Abderrahmane nous raconte avoir vu son meilleur ami gravement blessé mourir devant ses yeux. « Il a été blessé à la suite de coups qu’il a reçus de la part des forces de l’ordre ce vendredi noir », affirme-t-il. A l’hôpital de Rabat, « personne ne voulait nous parler, on a passé des heures à attendre alors qu’il était dans un état critique, je l’ai vu mourir devant mes yeux, je n’ai pas pu le sauver », nous raconte-t-il, avant d’ajouter « nous sommes venus pour trouver une vie, mais ça ce n’est pas une vie c’est une guerre, plutôt un enfer ». 

« Je l’ai vu mourir devant mes yeux, je n’ai pas pu le sauver ».

Abderrahmane

« Les déplacements forcés vers les villes loin des zones frontalières impacte gravement cette population vulnérable, une fois qu’ils sont à Casablanca par exemple ils sont détruits mentalement et en situation d’énorme détresse, puisqu’ils se trouvent dans une autre ville et doivent chercher à nouveau un travail qui va leur permettre de pouvoir vivre et commencer tout à nouveau», explique le psychologue Khalid avant d’ajouter :« Les événements de Nador étaient très durs, et  les avaient détruits mentalement plus que physiquement ».

Un traumatisme très lourd enduré cinq mois après les incidents. Abderrahmane nous a raconté ces nuits sans sommeil à errer aux alentours du quartier Qamra à Rabat. Ses journées se prolongent à se cacher des autorités locales qui mènent des campagnes de refoulement depuis la capitale vers d’autres villes. La peur au ventre, il panse ses blessures à la main fracturée depuis le 24 juin.

Décalages et énormes besoins 

Un suivi psycho-social s’avère pourtant nécessaire pour ces survivants. Mais il n’est assuré que par de rares organisations. Dans le cadre de cette enquête, nous avons pu constater un décalage entre les rares services offerts dans ce domaine et le peu d’informations disponibles pour les personnes en migration. ENASS a tenté de contacter plusieurs survivants avec des services de soutien psychologique sans succès. 

« Savoir qu’on n’est pas seul est le début d’une prise en charge psychologique ». 

Khalid Dahmani, psychologue. 

Pour Khalid Dahmani, le problème consiste dans l’accès à l’information, « il y a des associations et des ONGs qui assurent ces soins mais les migrants ne savent rien de l’existence de ces services », regrette ce professionnel de santé. Face à cette situation, ce dernier avec ses équipes se déplacent sur le terrain à travers ce qu’on appelle les maraudes, et les relais communautaires pour faire passer l’information. Et d’ajouter :« Il nous faut des programmes bien encadrés et spécialisés. Également, il faut aller vers ces personnes et ne pas attendre qu’ils viennent chercher de l’aide. Savoir qu’on n’est pas seul est la moitié du chemin vers la guérison psychologique ».

L’initiative Mypsy

Compte tenu de l’importance d’assurer une assistance psychologique à ces migrants et réfugiés, le psychologue clinicien Dahmani dit qu’un réseau appelé Mypsy a été créé. Il se compose de plusieurs psychologues de tout le Maroc travaillant sur la question migratoire. Ce réseau tient des réunions mensuelles où la question de la santé mentale des migrants est omniprésente.

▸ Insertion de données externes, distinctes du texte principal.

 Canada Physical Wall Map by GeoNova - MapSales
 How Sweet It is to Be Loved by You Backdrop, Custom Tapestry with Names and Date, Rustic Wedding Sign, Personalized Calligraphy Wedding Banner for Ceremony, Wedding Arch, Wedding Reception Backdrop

« Le réseau est créé afin de réunir tout le travail des associations sur les migrations mais aussi pour assurer le lien entre les psychologues et ces migrants puisqu’ils sont une population mobile et qui changent de place toujours, d’où la nécessité de se situer dans toutes les villes où ils sont assez présents afin d’assurer ce suivi où ils sont», conclut-il.

Selon les données de l’Organisation mondiale des migrations (OIM Maroc), 300 migrant.e.s, souffrant de troubles mentaux préexistants, ont bénéficié de soins de santé mentale et psychosociaux spécialisés au cours des maraudes, dans le cadre d’un projet établi.